> [The input]:

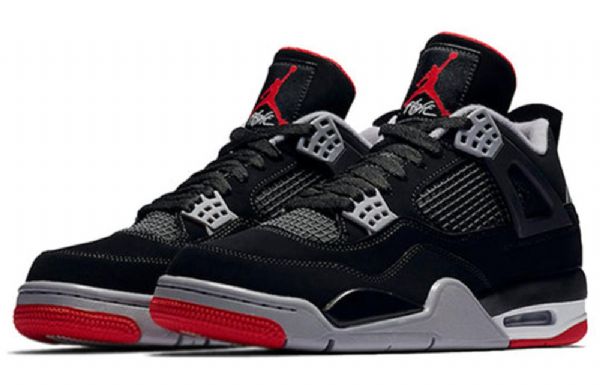 Nike Air Jordan 4 Retro Og Basketball Shoes Herre Svarte Rød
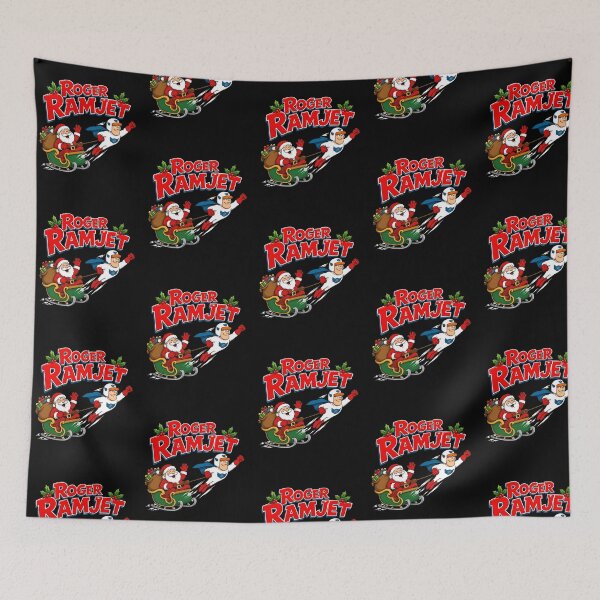 Item preview, Roger Ramjet Santa Christmas Cartoon designed and sold by ZubairNalban.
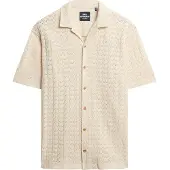 Superdry for man. M4011058A Knitted Texture Shirt beige (XXL), Casual, Cotton, Short sleeve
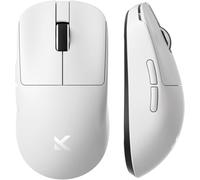 FOXMM x MCHOSE L7 Pro Mouse Superlight 39 g, Sensore 26.000 DPI, 6 DPI Regolabili, Frequenza di Polling 8K Hz con Ricevitore 8K Ultra-Rapido, Mouse da Gioco Wireless/Wired BT/2.4 G, Batteria 200 ore
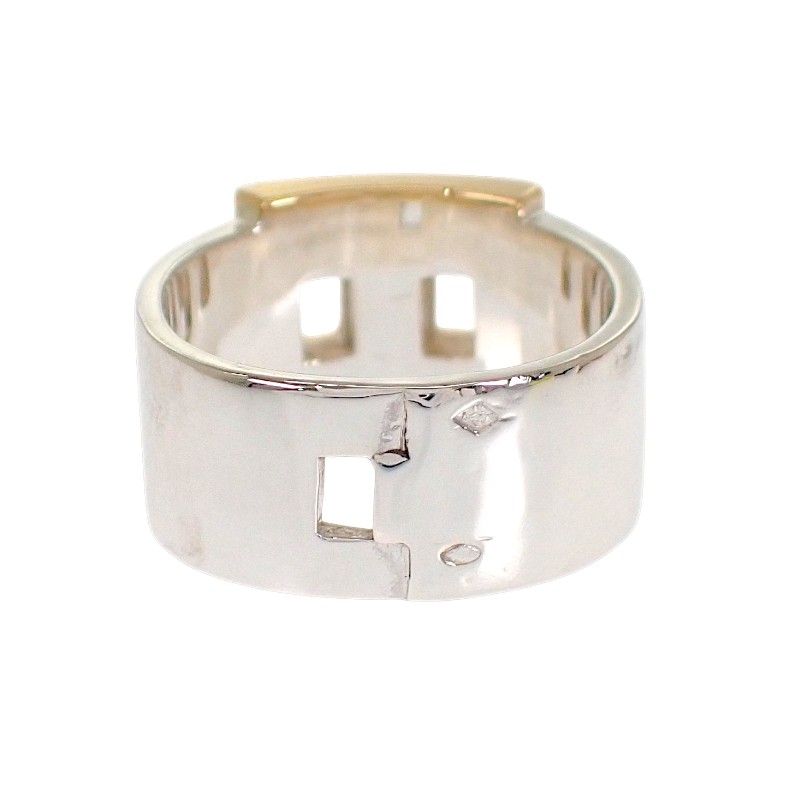 Hermes Newhela Cles S Rin 49 Full 18k Yellow Gold 925 Sterling Silver and Logo — view 5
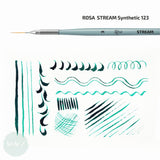 ARTISTS PAINT BRUSH - Synthetic - ROSA - STREAM - Series 123/3 - 0.3mm DIA. FINE LINER – 3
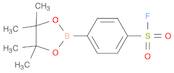 4-(4,4,5,5-Tetramethyl-1,3,2-dioxaborolan-2-yl)benzenesulfonyl fluoride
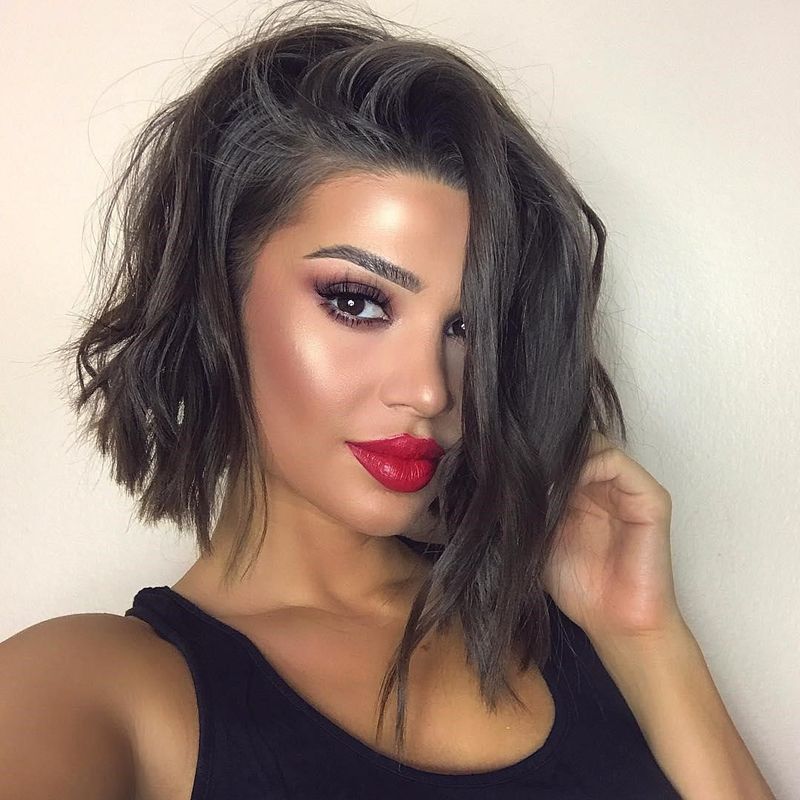 Edgy Asymmetrical Faux Bob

> [Task]: Give the data again exactly, without pictures.

> [Completed exercise]:
 Nike Air Jordan 4 Retro Og Basketball Shoes Herre Svarte Rød
 Item preview, Roger Ramjet Santa Christmas Cartoon designed and sold by ZubairNalban.
 Superdry for man. M4011058A Knitted Texture Shirt beige (XXL), Casual, Cotton, Short sleeve
 FOXMM x MCHOSE L7 Pro Mouse Superlight 39 g, Sensore 26.000 DPI, 6 DPI Regolabili, Frequenza di Polling 8K Hz con Ricevitore 8K Ultra-Rapido, Mouse da Gioco Wireless/Wired BT/2.4 G, Batteria 200 ore
 Hermes Newhela Cles S Rin 49 Full 18k Yellow Gold 925 Sterling Silver and Logo — view 5
 ARTISTS PAINT BRUSH - Synthetic - ROSA - STREAM - Series 123/3 - 0.3mm DIA. FINE LINER – 3
 4-(4,4,5,5-Tetramethyl-1,3,2-dioxaborolan-2-yl)benzenesulfonyl fluoride
 Edgy Asymmetrical Faux Bob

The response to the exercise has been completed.